Reproduce the listing in full, exactly as written, but without images.

• [Given data]:
--------------------------------
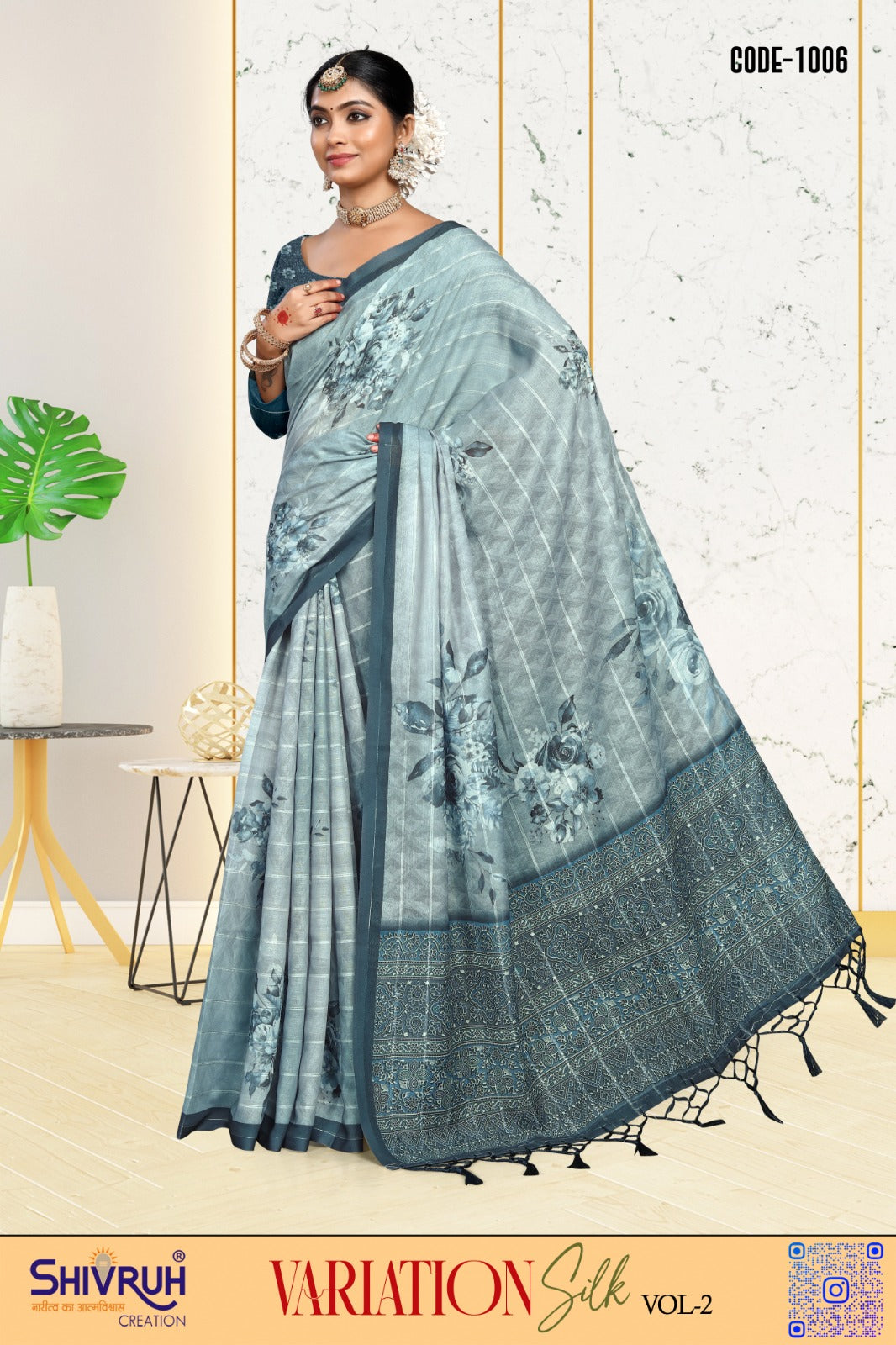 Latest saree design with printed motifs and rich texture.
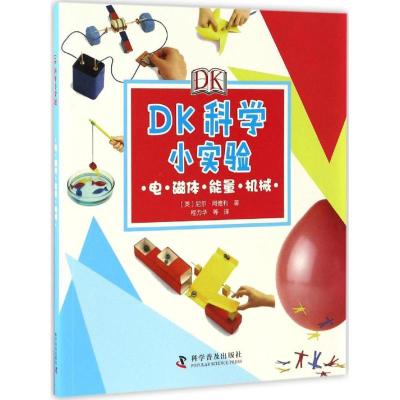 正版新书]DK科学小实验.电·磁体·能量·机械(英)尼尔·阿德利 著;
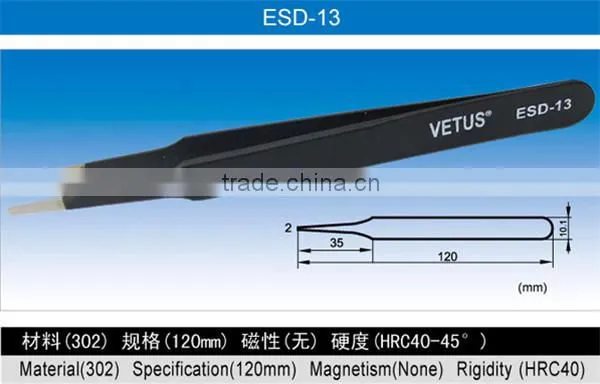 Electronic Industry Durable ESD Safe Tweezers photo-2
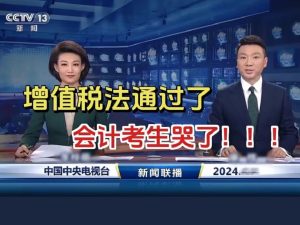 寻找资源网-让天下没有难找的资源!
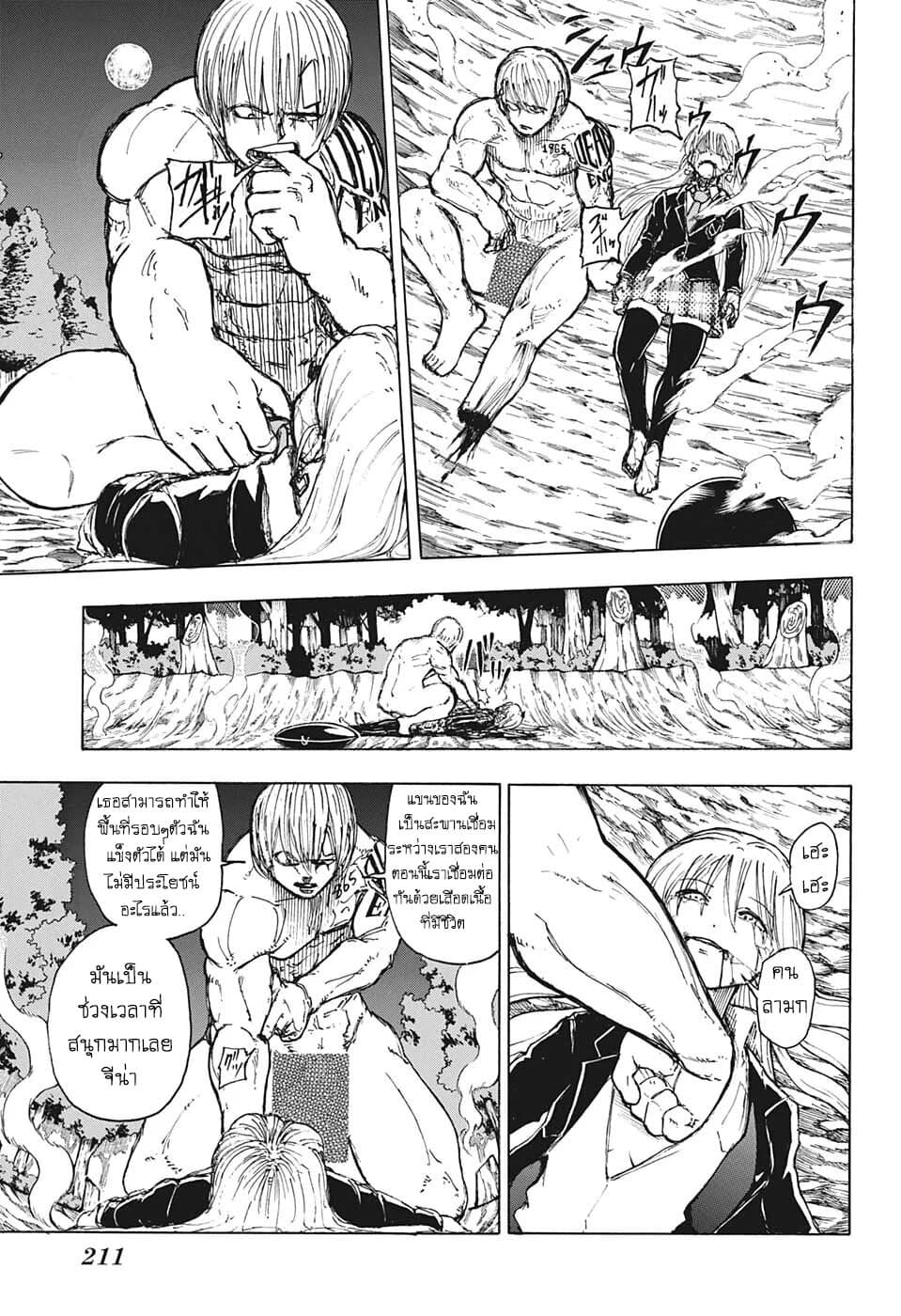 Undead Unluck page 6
--------------------------------
• [Exercise answer]:
 Latest saree design with printed motifs and rich texture.
 正版新书]DK科学小实验.电·磁体·能量·机械(英)尼尔·阿德利 著;
 Electronic Industry Durable ESD Safe Tweezers photo-2
 寻找资源网-让天下没有难找的资源!
 Undead Unluck page 6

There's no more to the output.